VENTILACIÓN AULAS. Advierten que ventilar no es abrir las ventanas: la ventilación debe ser en continuo

El decano del Colegio de Químicos de Madrid, el catedrático Ricardo Díaz, acreditado especialista en seguridad en el trabajo e higiene industrial advierte que ventilar las aulas contra el COVID-19 no es solo abrir las ventanas y volver a cerrarlas sin más, sino que dicha ventilación “debe ser en continuo”.

En declaraciones a ÉXITO EDUCATIVO, Ricardo Díaz tranquiliza a quienes temen que con la llegada del invierno se haga realmente incómodo estar en el aula si cada hora ésta debe ser ventilada abriendo las ventanas durante al menos 10 minutos y favoreciendo la pérdida de calor generado con la calefacción del centro educativo.

Antes que nada, este catedrático de Ingeniería Química y Materiales avisa que, «aunque ventilación y pasar frío no es algo equivalente, pues se puede ventilar un aula perfectamente teniendo unos parámetros lógicos y convenientes de confort térmico”, no menos cierto es que «va a haber un consumo energético muy elevado”, pero subraya que este año “no podemos pensar en una buena eficiencia térmica y en ahorro energético si lo que queremos es estar seguros de que haya una eficiente ventilación de las aulas”.

Su fórmula para mantener el calor en el aula garantizando por completo la salud en ellas pasa por tener “muy claros conceptos de fluidodinámica, pues aquellas tienen que estar “fuertemente calefactadas por la parte baja del suelo, mientras que por las zonas elevadas deben abrirse bien ventanas pequeñas o pequeños huecos por donde pueda ascender el aire de manera natural, por convección natural”. “Es decir”, remacha, “por tiro sencillo de chimenea y salir ese aire, esos aerosoles por la parte superior”.
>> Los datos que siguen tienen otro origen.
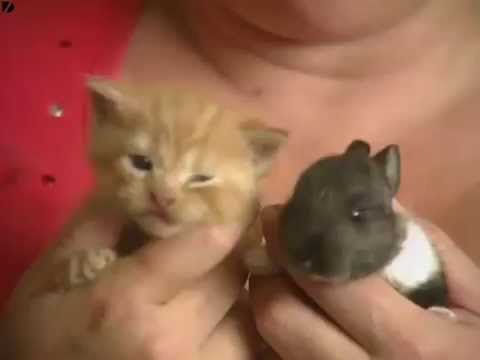 Cat Adopts Baby Rabbit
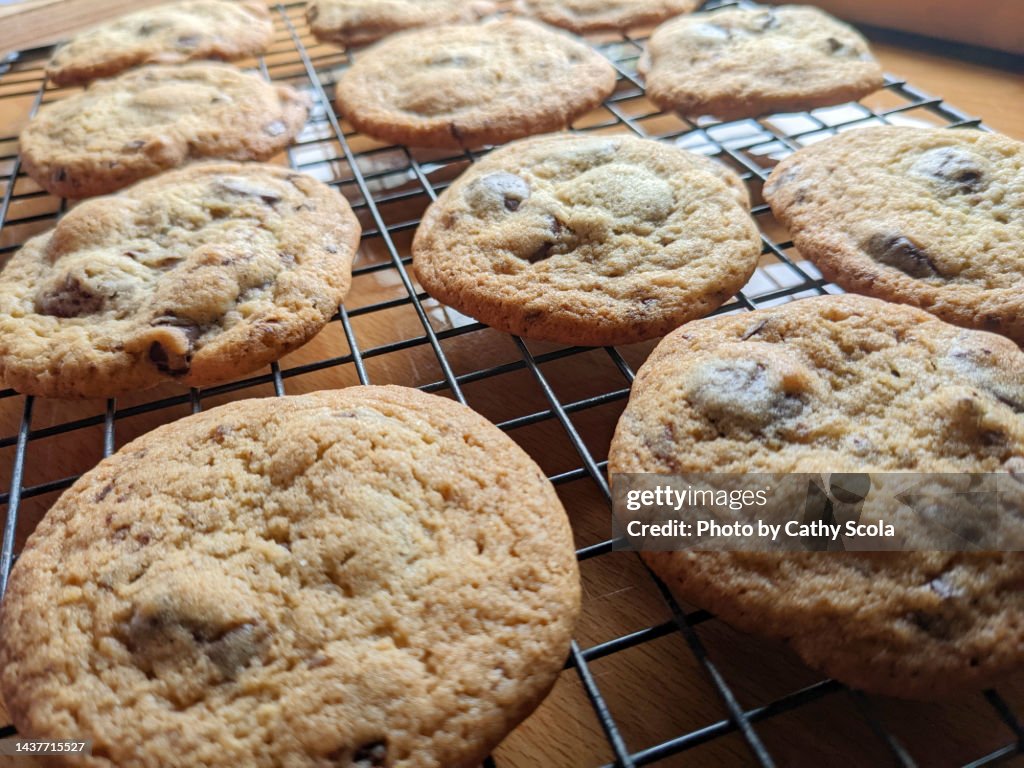 Chocolate chip cookies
Para ello, se precisaría un mínimo estudio del volumen necesario de aire para ir retirando cada diez minutos y de forma continua. Porque, advierte: “Esto no puede tener un diseño de pret á porter, sino tener muy claro el número de alumnos de cada aula, el volumen de aire que tenemos en cada aula y su geometría para poder colocar equipos de calefacción por convección de abajo a arriba”.

En paralelo, los centros escolares tienen que hacer inversiones en higienización del aire, bien por filtros EPA, que requieren un cierto mantenimiento; bien por equipos de lámparas ultravioleta con un rango entre 200 y 250 nanómetros para que no se produzca ningún fenómeno de producción de ozono, o bien por equipos de ionización del aire.

“Que se escoja un sistema u otro, pero al menos que en cada aula haya un equipo de higienización del aire dimensionado”. Recuerda, sin embargo, que “esto es sumatorio a una perfecta ventilación”, pues, admite, “milagros no hay”. Pero lo que sí es real es que “hay que invertir y prever”, y denuncia que “no se ha hecho ninguna de estas cosas”.

Creemos que ventilar es abrir las ventanas y que se vaya el aire y cerramos. No, la ventilación tiene que ser en continuo, igual que la higienización del aire”, concluye.